Geoffrey Trueman

Personal information
- Full name: Geoffrey Stanley Trueman
- Born: 7 January 1926 Sydney, New South Wales, Australia
- Died: 28 June 1981 (aged 55) Sydney, New South Wales, Australia
- Batting: Right-handed
- Role: Batsman

Domestic team information
- 1951/52–1953/54: New South Wales
- FC debut: 19 October 1951 NSW v Queensland
- Last FC: 19 February 1954 NSW v South Australia

Career statistics
| Competition | First-class |
| Matches | 24 |
| Runs scored | 135 |
| Batting average | 7.94 |
| 100s/50s | 0/0 |
| Top score | 16 |
| Catches/stumpings | 63/19 |
- Source: ESPNcricinfo, 4 February 2017

= Geoffrey Trueman =

Australian cricketer

Geoffrey Stanley Trueman (7 January 1926 – 28 June 1981) was an Australian cricketer. He played 24 first-class matches for New South Wales between the 1951–52 and 1953–54 seasons.

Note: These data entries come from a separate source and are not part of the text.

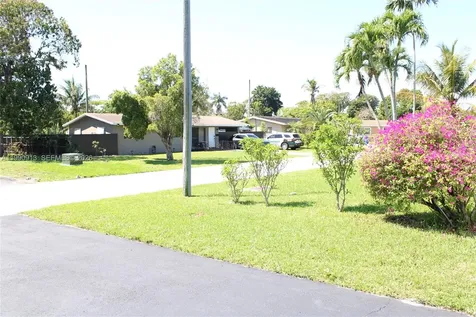 2411 SW 6th Street Fort Lauderdale FL 33312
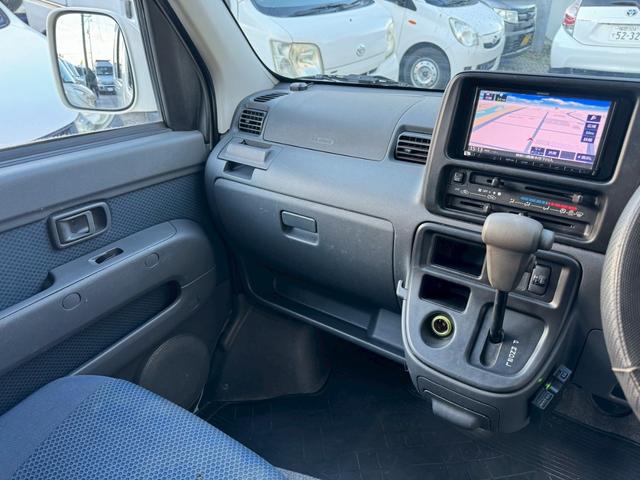 TOYOTA PIXIS VAN CRUISE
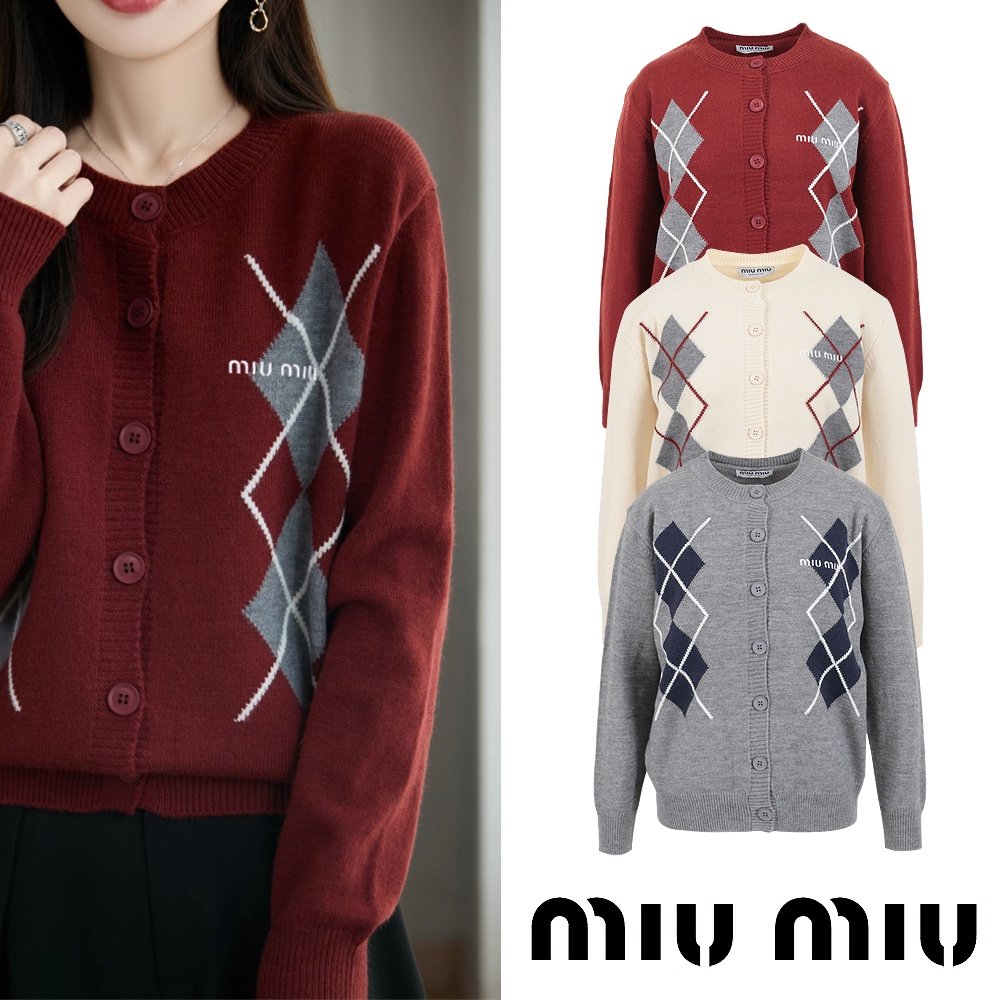 MIUMIU 미우미우 레터링자수 아가일패턴 가디건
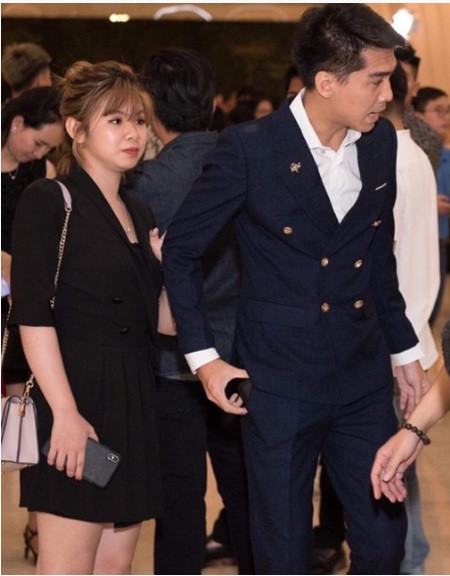 Có vẻ như chàng streamer nổi tiếng này đã ngỏ lời thành công với người yêu bằng chiếc nhẫn kim cương và một đám cưới sẽ diễn ra trong tương lai gần.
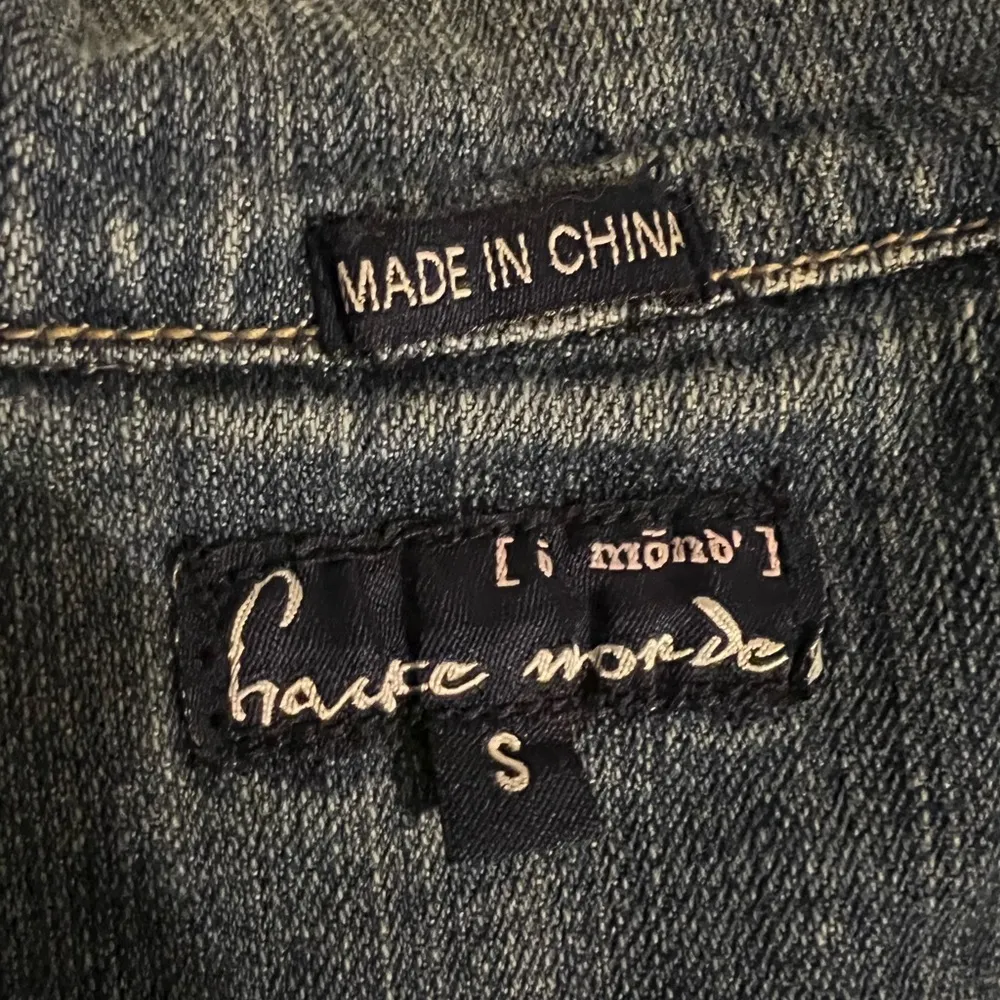 S - Denim Cropped Jacket Butterfly embroidered & rhinestone on the back NWOT - Image 4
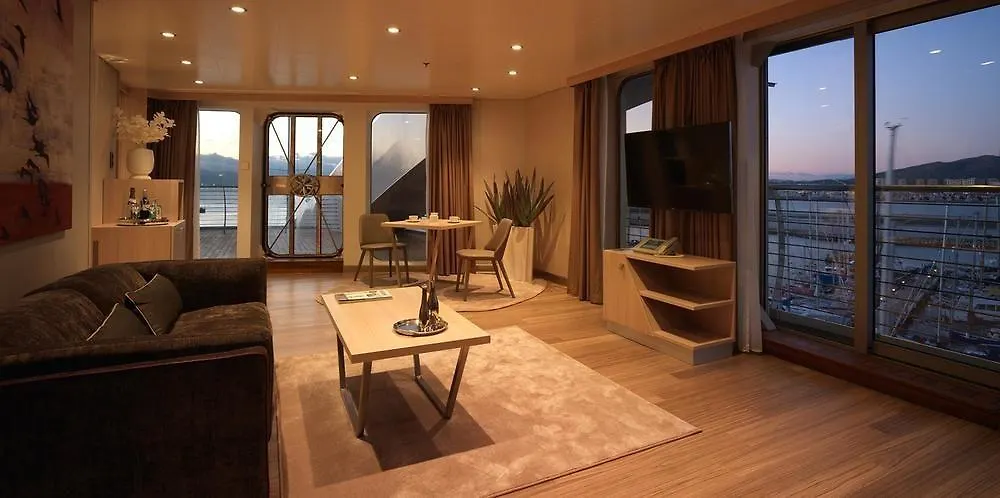 *****  Sunborn Gibraltar Hotel Gibraltar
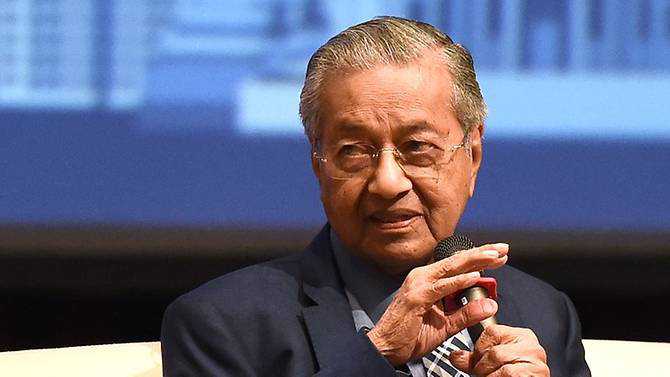 Malaysian PM Mahathir to visit Singapore at invitation of PM Lee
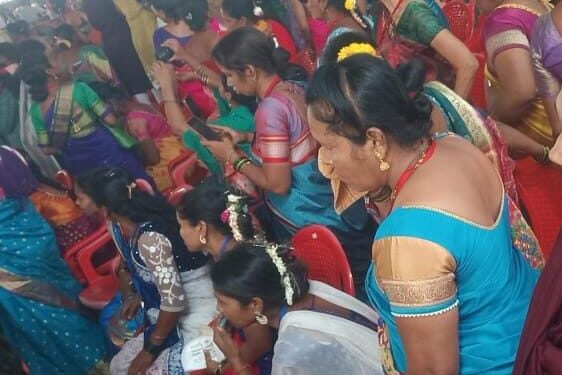 कार्यक्रमाला आणून आमची फसवणूक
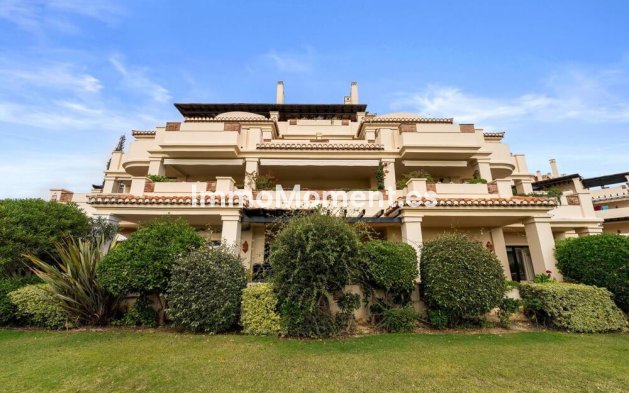 Resale - Apartment - Benahavís - Benahavís Centro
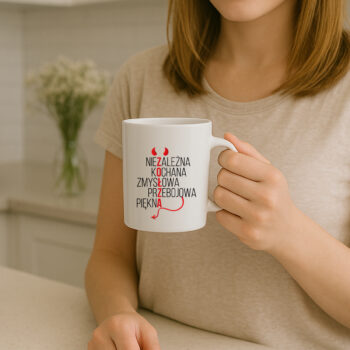 kubek z czerwonymi literami i symbolem diabła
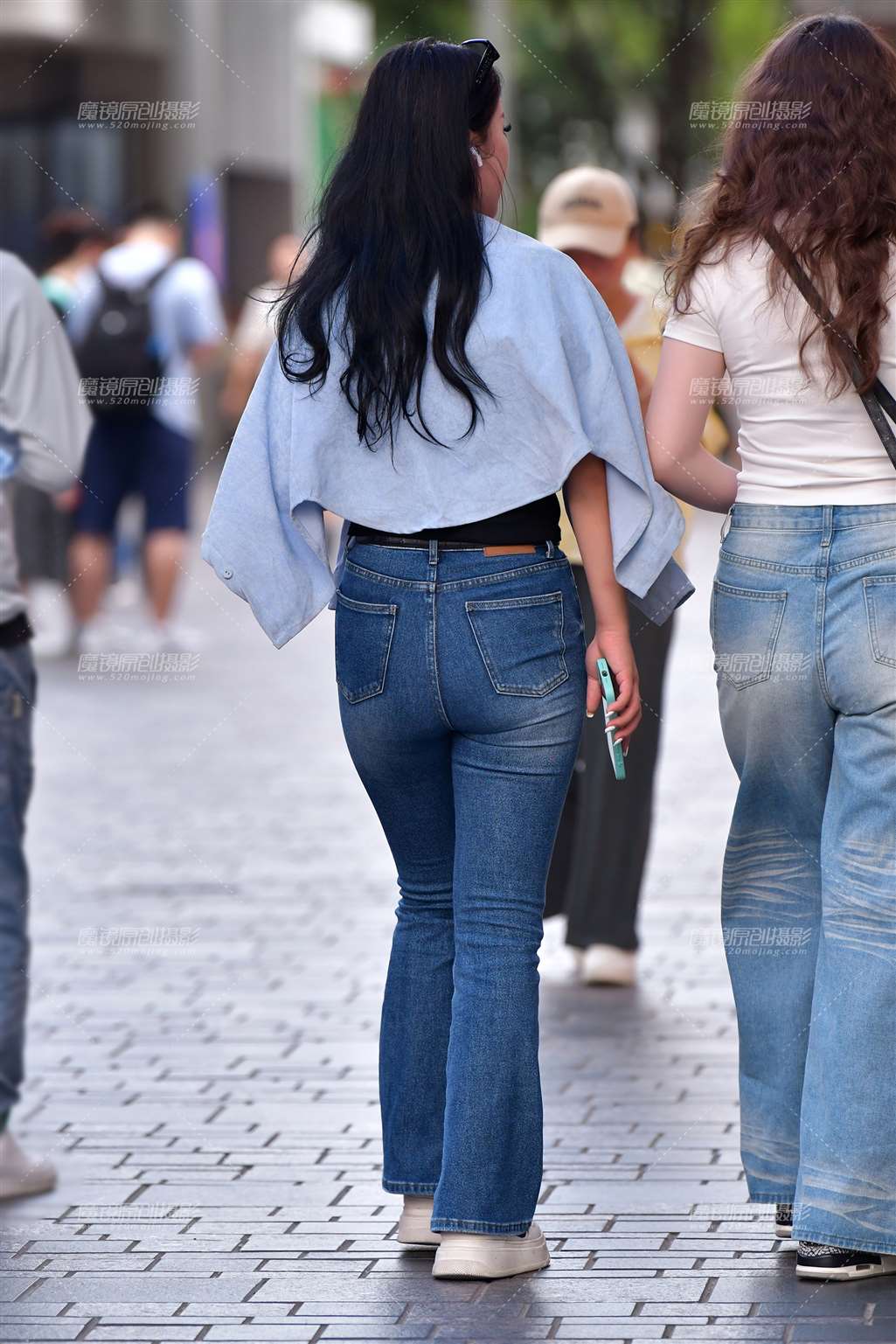 图片[2]-紧身黑衫牛仔裤美女-街拍流行馆
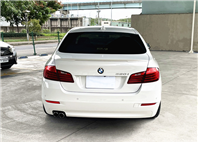 【聯絡專線 0987-252-408】BMW 520i 總代理 F10 認證車原版件 一鍵啟動 雙區恆溫 天窗 電動尾門 全額貸月繳9千內  第2張縮圖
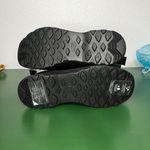 UGG  Adirondack Boot Patent (Black) Photo 5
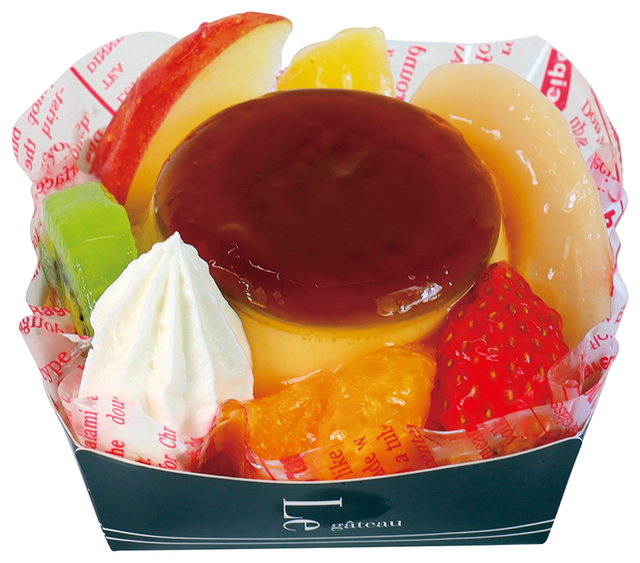 「フルーツもりもりプリン・ア・ラ・モード」＜価格：税込680円＞【不二家に“創業祭限定スイーツ”が登場♪「ペコちゃんグッズ」がもらえるキャンペーンも開催！】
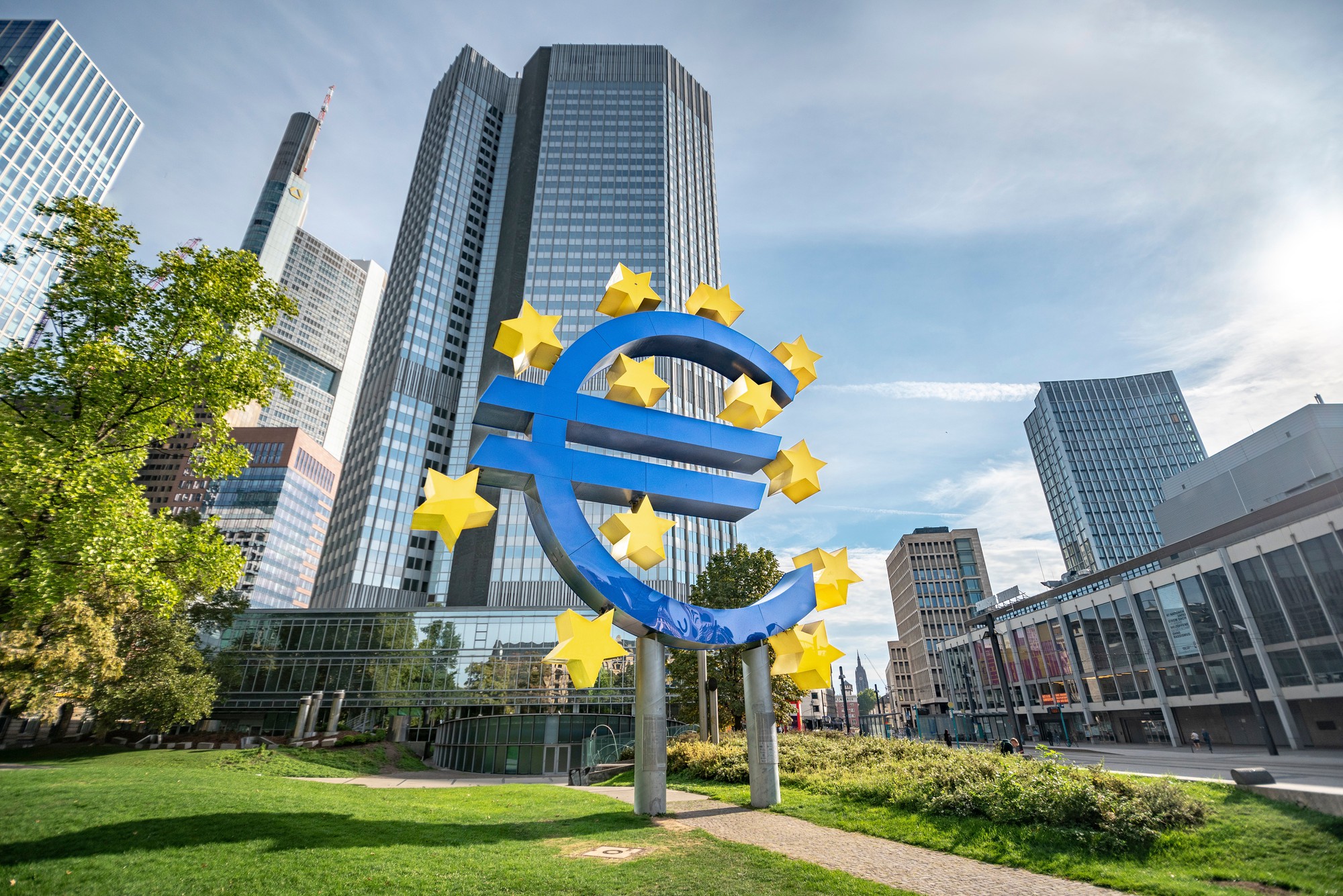 Европа банклари учун 2022 йилнинг бошланиши тарихдаги энг яхшиси бўлди — Bloomberg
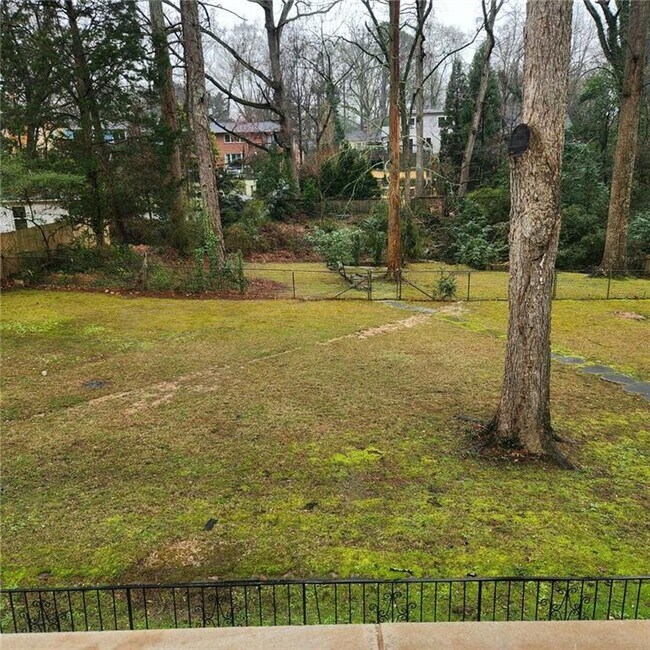 Building Photo - 1049 Ormewood Ave SE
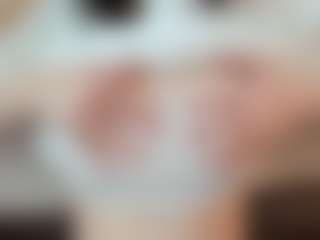 Live cam show with Emma - Camel Toe on Fling VIP Chat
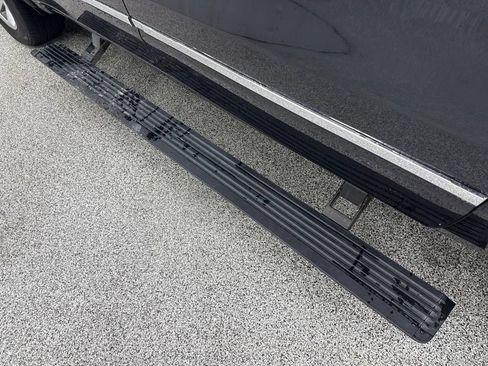 Used 2020 RAM 1500 Limited w/ Body Color Bumper Group AWD/4WD image 11
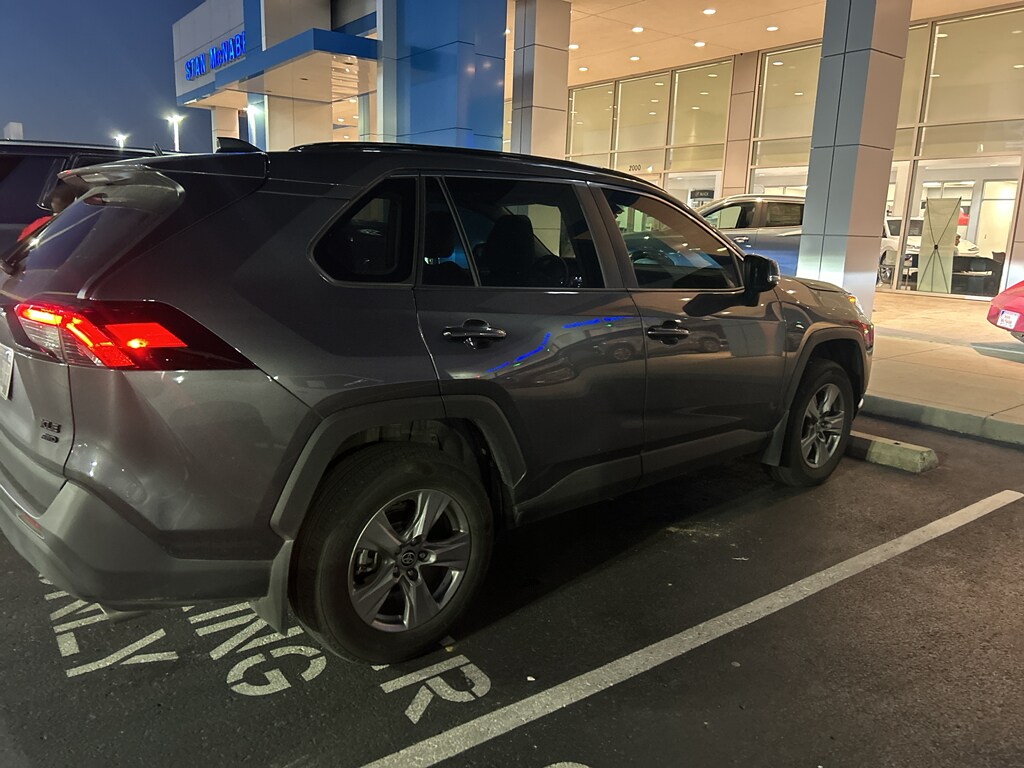 2024 Toyota RAV4 XLE photo 3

Geoffrey Trueman was born at Sydney in New South Wales in 1926. He played as a wicket-keeper for New South Wales in the early 1950s. He played a total of 24 matches for the team, scoring 135 runs and being involved in 82 dismissals. These featured 20 stumpings, 18 of which were from the bowling of Richie Benaud. He played in two Sheffield Shield winning teams, New South Wales winning the Shield in his first and last seasons in first-class cricket. His Wisden obituary reported that he had come close to selection for the Australia national cricket team.

After taking a job at a hotel at Junee, Trueman declared himself "unavailable" for the New South Wales team in late 1954 and did not play again for the State team. He played Victorian Premier Cricket for South Melbourne Cricket Club later in the decade. He died at Sydney in 1981 aged 55.